We have a lovely nectarine tree we transplanted very successfully. The first year we planted it into its special spot, we actually got quite a few nectarines from it and they were good.
The following year, all my fruit trees ended up with leaf curl which needed to be treated with a fungicide. We did treatment after the trees lost their leaves; though we still have further treatment to go.
And now I am dishearten to see that my nectarine has something else going on. It was a little challenging to work out what it is. It wasn’t a condition listed under the stone fruit pests and diseases in my ‘Garden Pests, Diseases & Good Bugs’ book I have.
I finally found some examples of the problem and have worked out it is thrip, Western Flower Thrip. Thrip are teeny tiny insects that feed within the flowers and on young fruit. It’s mostly a problem of nectaries at bloom. These insects damage the fruit and scars will form as the fruit matures.

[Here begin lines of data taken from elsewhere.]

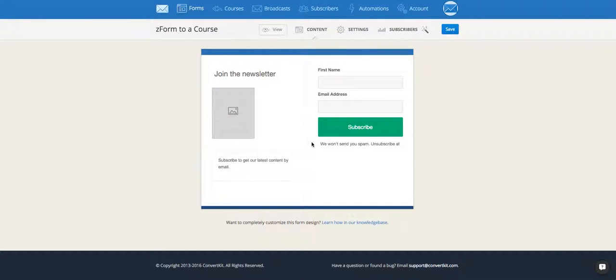Hi, it's Nicole from ConvertKit. Today I'm going to tell you how to connect a form to a course.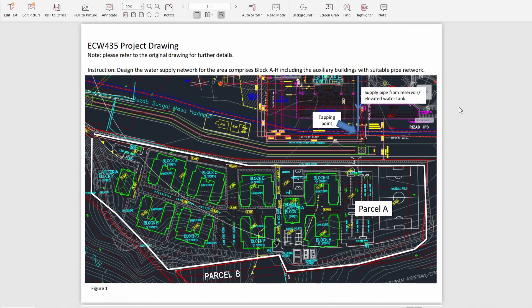Assalamualaikum and hello everyone, my name is Muhammad Fitri and today I will explain the water reticulation system which has been designed by our group members who will be credited at the end of the video, so stay tuned.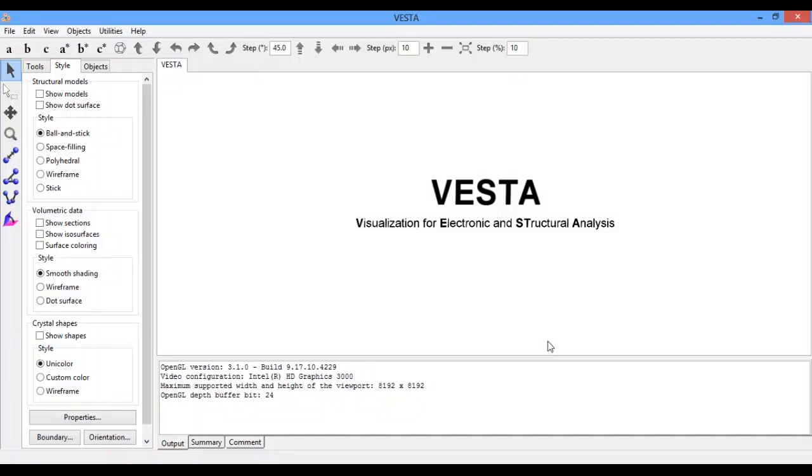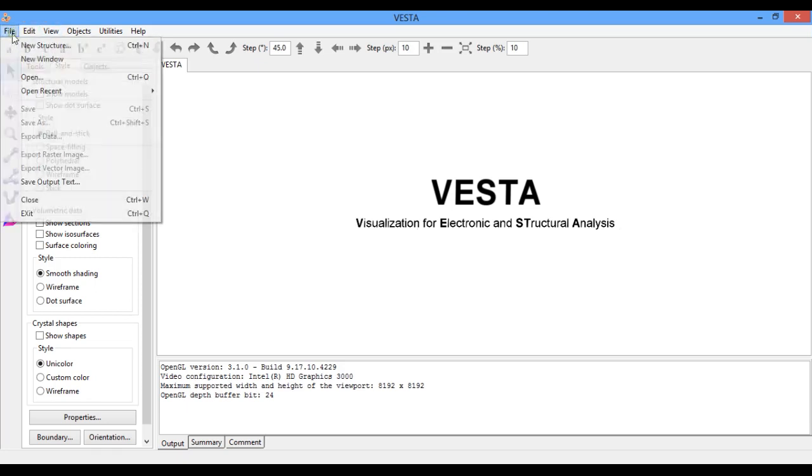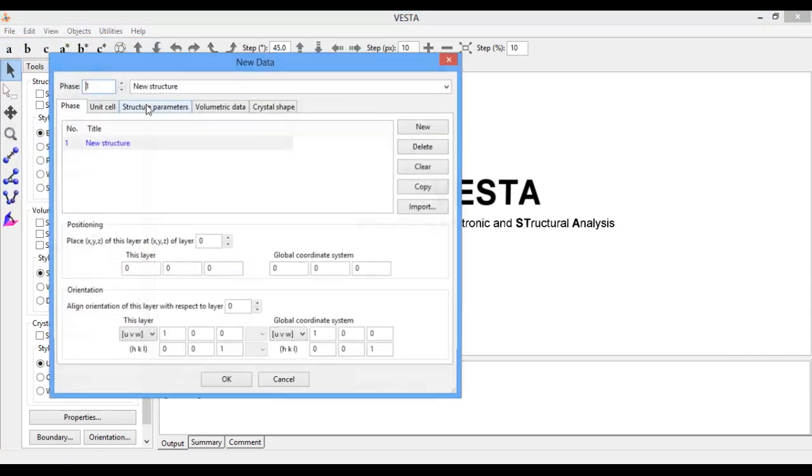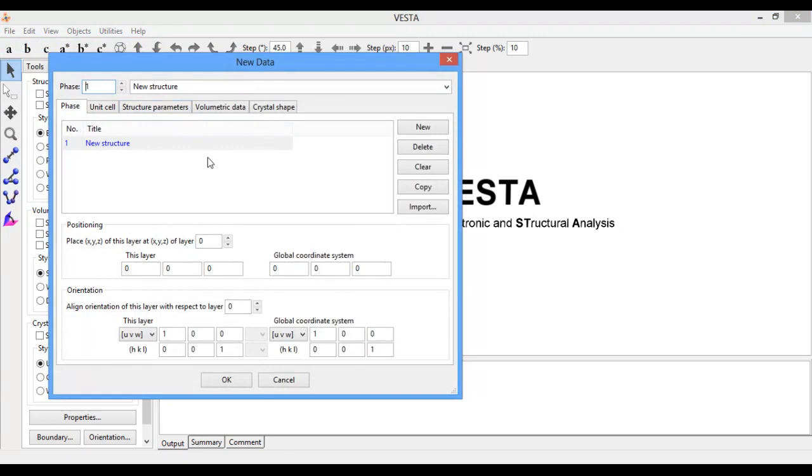Hello everyone, in today's tutorial I will show you how to draw crystal structure with VESTA. I will draw the crystal structure of titanium carbide. Let's begin. Go to File, click on New Structure, and name it as TiC.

What to do: I have read that only an insecticide will prevent thrip. Spinosad is what is needed. It can be applied when the petals drop from the flowers, at dawn and dusk so the insecticide will dry and not harm the bees. One application is apparently all that is needed.
So I plan to get some and see how we go. I have come across a couple of options:
- Yates Nature’s Way have a fruit fly treatment that has spinosad as the main ingredient. Spinosad is derived from naturally occurring bacteria and attracts the bugs killing them after they ingest.
- Natural Guard Spinosad Soap. For organic gardening.